» Work instruction
Word for word, set down every line of the entries below from the line with "Breathe More LS Tee - Black" to the line with "echo cs-701svl chainsaw", including both, and no other line.

» Supplied records
########################################
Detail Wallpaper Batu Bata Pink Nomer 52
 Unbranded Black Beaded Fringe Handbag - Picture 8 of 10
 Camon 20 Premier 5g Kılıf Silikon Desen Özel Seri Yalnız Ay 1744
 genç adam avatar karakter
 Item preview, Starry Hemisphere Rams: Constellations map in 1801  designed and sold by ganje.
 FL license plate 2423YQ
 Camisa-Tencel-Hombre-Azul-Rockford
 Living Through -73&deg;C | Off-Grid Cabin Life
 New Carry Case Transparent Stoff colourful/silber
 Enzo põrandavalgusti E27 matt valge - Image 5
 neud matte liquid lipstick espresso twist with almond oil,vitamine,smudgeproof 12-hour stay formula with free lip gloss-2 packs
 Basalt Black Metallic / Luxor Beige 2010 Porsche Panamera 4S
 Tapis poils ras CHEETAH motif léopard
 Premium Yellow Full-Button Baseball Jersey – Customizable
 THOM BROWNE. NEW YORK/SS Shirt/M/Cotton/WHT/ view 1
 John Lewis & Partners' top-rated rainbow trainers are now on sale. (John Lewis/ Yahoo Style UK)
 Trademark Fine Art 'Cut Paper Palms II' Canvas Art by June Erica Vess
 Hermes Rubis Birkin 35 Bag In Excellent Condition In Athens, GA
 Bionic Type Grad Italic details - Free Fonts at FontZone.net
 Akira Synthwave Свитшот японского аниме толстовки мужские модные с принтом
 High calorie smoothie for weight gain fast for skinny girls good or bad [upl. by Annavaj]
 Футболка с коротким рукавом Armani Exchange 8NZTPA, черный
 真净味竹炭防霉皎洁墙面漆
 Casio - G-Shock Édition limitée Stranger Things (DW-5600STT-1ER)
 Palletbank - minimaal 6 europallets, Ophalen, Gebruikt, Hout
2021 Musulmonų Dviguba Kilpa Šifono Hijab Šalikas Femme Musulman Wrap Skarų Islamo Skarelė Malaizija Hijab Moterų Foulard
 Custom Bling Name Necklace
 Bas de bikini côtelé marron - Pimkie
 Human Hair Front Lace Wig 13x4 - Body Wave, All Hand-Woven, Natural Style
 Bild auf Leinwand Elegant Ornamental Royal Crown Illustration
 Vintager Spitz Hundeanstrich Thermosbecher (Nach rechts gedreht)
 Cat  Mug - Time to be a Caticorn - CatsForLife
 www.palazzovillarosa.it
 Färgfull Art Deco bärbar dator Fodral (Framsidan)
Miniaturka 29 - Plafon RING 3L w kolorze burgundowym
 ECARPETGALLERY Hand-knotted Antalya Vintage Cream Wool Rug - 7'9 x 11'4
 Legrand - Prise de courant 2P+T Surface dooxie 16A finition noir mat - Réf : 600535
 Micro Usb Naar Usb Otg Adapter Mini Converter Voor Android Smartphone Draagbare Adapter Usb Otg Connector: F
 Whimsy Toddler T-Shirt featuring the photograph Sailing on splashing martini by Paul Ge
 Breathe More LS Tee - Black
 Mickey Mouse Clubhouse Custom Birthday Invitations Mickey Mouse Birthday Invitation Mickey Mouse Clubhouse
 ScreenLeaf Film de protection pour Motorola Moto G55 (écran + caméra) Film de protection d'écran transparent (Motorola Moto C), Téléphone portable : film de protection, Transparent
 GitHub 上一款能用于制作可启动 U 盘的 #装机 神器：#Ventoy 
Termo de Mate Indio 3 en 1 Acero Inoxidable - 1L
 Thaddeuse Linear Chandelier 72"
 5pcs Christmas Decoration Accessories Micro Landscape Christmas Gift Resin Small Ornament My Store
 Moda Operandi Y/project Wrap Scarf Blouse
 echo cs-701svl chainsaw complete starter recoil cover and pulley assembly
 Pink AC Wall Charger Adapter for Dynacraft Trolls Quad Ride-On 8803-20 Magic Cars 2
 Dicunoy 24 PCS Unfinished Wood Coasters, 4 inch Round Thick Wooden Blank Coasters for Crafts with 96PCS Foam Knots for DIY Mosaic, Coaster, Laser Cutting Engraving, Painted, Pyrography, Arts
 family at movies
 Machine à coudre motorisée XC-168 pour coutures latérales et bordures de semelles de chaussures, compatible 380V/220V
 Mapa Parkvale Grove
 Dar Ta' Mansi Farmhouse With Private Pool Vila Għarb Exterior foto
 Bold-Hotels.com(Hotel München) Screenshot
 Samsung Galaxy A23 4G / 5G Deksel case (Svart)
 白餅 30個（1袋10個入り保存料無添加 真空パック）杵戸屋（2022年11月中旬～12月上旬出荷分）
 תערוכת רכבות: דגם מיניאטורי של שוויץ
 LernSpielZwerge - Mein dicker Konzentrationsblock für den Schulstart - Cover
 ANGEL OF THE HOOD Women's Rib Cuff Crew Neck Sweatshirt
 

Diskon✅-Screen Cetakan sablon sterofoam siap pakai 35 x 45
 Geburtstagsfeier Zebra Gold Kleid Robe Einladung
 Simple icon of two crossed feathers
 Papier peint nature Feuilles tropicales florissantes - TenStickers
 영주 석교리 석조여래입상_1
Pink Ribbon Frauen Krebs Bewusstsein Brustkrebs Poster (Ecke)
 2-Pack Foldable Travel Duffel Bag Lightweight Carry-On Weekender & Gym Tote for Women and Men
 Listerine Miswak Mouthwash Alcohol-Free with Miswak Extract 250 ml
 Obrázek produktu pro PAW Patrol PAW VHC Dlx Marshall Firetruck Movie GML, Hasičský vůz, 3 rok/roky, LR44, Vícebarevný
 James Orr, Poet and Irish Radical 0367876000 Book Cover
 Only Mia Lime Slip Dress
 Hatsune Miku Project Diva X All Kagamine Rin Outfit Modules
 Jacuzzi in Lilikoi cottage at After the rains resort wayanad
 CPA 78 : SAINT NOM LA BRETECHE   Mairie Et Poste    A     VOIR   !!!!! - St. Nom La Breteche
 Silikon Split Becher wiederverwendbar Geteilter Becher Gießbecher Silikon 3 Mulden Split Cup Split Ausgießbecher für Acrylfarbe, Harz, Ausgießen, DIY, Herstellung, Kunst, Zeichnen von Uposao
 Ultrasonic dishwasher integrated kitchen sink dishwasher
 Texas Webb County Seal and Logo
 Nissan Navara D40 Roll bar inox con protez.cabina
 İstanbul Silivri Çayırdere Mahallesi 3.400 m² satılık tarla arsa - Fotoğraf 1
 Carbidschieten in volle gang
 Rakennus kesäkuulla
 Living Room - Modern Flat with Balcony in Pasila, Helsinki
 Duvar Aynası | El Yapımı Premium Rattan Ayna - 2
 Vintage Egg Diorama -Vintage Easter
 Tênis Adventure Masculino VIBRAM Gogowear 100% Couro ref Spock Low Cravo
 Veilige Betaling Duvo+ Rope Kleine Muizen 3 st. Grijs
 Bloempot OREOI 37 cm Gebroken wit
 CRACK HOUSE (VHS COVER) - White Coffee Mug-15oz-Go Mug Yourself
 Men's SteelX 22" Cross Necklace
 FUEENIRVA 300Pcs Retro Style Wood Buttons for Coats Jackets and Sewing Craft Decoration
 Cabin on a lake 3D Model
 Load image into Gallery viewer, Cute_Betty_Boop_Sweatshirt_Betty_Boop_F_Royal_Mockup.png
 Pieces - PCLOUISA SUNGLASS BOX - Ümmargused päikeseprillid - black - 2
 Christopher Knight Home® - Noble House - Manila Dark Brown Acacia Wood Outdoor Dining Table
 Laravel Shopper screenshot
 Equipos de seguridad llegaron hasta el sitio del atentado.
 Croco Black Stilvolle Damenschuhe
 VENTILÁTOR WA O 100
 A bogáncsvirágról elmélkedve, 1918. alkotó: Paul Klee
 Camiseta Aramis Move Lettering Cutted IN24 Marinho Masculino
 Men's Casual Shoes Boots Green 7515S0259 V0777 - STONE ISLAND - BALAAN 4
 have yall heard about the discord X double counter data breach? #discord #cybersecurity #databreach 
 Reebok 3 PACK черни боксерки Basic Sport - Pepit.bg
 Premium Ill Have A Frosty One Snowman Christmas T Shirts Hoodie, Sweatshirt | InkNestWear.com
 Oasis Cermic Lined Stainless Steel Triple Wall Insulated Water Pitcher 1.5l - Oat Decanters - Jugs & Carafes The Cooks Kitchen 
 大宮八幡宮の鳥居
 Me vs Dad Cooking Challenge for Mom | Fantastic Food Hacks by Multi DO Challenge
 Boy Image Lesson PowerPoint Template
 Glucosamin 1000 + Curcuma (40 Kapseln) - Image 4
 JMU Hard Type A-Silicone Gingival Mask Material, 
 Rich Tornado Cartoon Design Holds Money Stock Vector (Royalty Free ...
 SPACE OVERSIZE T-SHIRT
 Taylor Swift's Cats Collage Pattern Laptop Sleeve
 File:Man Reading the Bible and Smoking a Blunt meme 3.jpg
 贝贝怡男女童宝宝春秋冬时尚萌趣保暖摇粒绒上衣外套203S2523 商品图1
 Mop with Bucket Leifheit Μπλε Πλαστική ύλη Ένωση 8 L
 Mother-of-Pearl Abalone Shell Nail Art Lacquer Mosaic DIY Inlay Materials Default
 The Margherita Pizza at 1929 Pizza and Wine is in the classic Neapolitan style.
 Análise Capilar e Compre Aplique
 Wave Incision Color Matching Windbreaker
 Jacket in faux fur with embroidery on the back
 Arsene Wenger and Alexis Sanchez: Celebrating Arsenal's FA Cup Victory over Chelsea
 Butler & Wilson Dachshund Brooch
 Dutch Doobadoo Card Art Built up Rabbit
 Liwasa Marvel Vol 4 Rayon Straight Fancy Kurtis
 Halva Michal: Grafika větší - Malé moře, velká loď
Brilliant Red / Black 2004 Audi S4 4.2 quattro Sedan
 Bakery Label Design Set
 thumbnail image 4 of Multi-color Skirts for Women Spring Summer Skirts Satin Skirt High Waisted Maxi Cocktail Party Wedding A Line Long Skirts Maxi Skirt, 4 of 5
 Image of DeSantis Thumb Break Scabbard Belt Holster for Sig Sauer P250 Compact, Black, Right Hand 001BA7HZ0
########################################
» Answer space
 Breathe More LS Tee - Black
 Mickey Mouse Clubhouse Custom Birthday Invitations Mickey Mouse Birthday Invitation Mickey Mouse Clubhouse
 ScreenLeaf Film de protection pour Motorola Moto G55 (écran + caméra) Film de protection d'écran transparent (Motorola Moto C), Téléphone portable : film de protection, Transparent
 GitHub 上一款能用于制作可启动 U 盘的 #装机 神器：#Ventoy 
Termo de Mate Indio 3 en 1 Acero Inoxidable - 1L
 Thaddeuse Linear Chandelier 72"
 5pcs Christmas Decoration Accessories Micro Landscape Christmas Gift Resin Small Ornament My Store
 Moda Operandi Y/project Wrap Scarf Blouse
 echo cs-701svl chainsaw complete starter recoil cover and pulley assembly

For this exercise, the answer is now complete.